Pillay: Well, I think that when we start saying that we don’t believe anymore in the presumption of innocence, or we don’t believe in having to prove guilt beyond a reasonable doubt, then we have to start asking ourselves, what kind of a society are we living in? I don’t really see it as, what do we have to give up? I say, how do we want to live and what do we stand for, what do we believe in?
Wells: The real test would be if there were—God forbid—another or a series of other attacks on North American soil, or in Western Europe, what the reaction would be. Because every time there’s even been a hint or a scare, like the liquids in the airplanes, the tendency has been to impose more draconian security. I do believe that the security that I went through this morning on my way to St. John’s was laughably excessive, but I don’t know that I would dare, as an elected official, to be the one to throttle it back, because you’ve always got it in the back of your mind.
Van Dusen: What should we expect over the next decade? What role will our laws take, and what role with our lawmakers take?
Pillay: I think that we have to be very realistic about what threats exist, and I think at the same time we also have to be realistic about what we risk morphing into if we don’t remain vigilant with respect to certain safeguards. Ten years from now we may be in a landlocked continent where we can’t travel because we have a security perimeter, and people are on lists because they may have talked to someone or known someone. If we’re looking at the next 10 years, we have to pay much heed to [questions like], what do we think about equality, what do we think about presumption of innocence?
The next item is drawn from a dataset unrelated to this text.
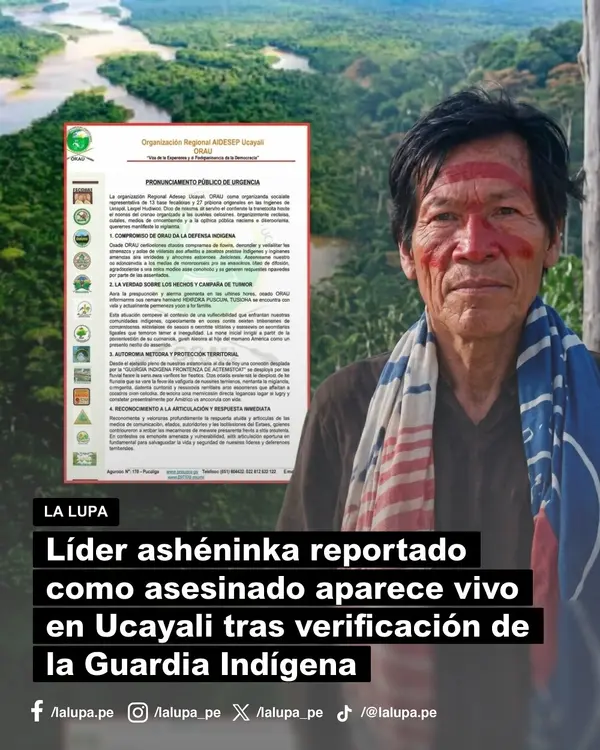 Publicación de La Lupa en Facebook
Do we still care about avoiding wrongfully convicting innocent people, and how do we want to live? How do we want to move about, who do we want to be?
Fatah: I think a lot depends on whether the Arab Spring will turn into a nuclear winter or something of that sort. If the Arab Spring turns out to be al-Qaeda’s foundation in Libya, and the Muslim Brotherhood getting power in Egypt, our next 10 years are going to be worse than the previous.
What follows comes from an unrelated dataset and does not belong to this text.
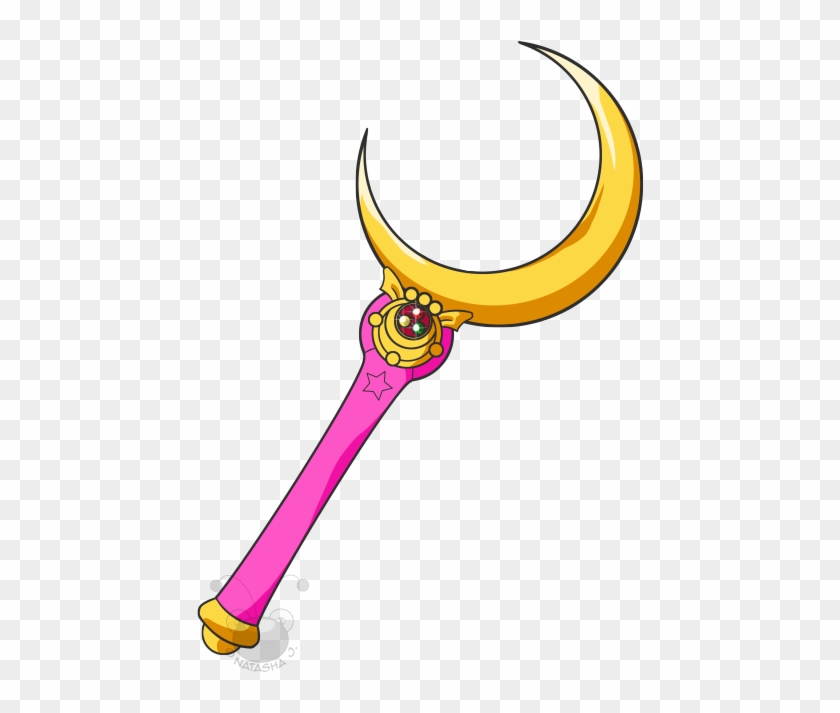Crescent Moon Clipart Png - Sailor Moon Crescent Moon Wand #212368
Wells: Tarek’s observations about some of the disturbing trends in the Middle East and North Africa in the wake of the Arab Spring is a really good argument for Western governments to not get bored and move on. We got bored and moved on from Afghanistan at the beginning of the 1990s. It didn’t work out too well. As for what happens at home, the values that we need to make sure that we keep promoting at home include economic opportunity and equality before the law and among your neighbours. As long as this is a place where a young Muslim kid has a shot in the world, it’s going to probably work out better than, say, the suburbs of Paris. In 2007 I went up to a suburb of Paris called Villiers-le-Bel after there was a lesser outburst of the riots that had taken place a couple of years earlier there. This is a largely Muslim suburb of Paris. Long-term unemployment was rampant, it was ethnically fairly homogenous. There wasn’t a lot of mixing of native-born and immigrant society there, and the only sign of government activity that I could find in that suburb was a massive new police station being built. The message to young Muslims in that neighbourhood was, “You are not getting out of here and we have our eye on you.” We have to make sure that that is not the message that is sent to young folks of any background in Canada. And as it happens, the OECD has singled out Canadian schools as being among the best in the world for ensuring that no matter what background you come from, and no matter what socio-economic level you come from, rich or poor, you have a better chance of succeeding in school than in most countries. That’s a Canadian asset that we must never give up.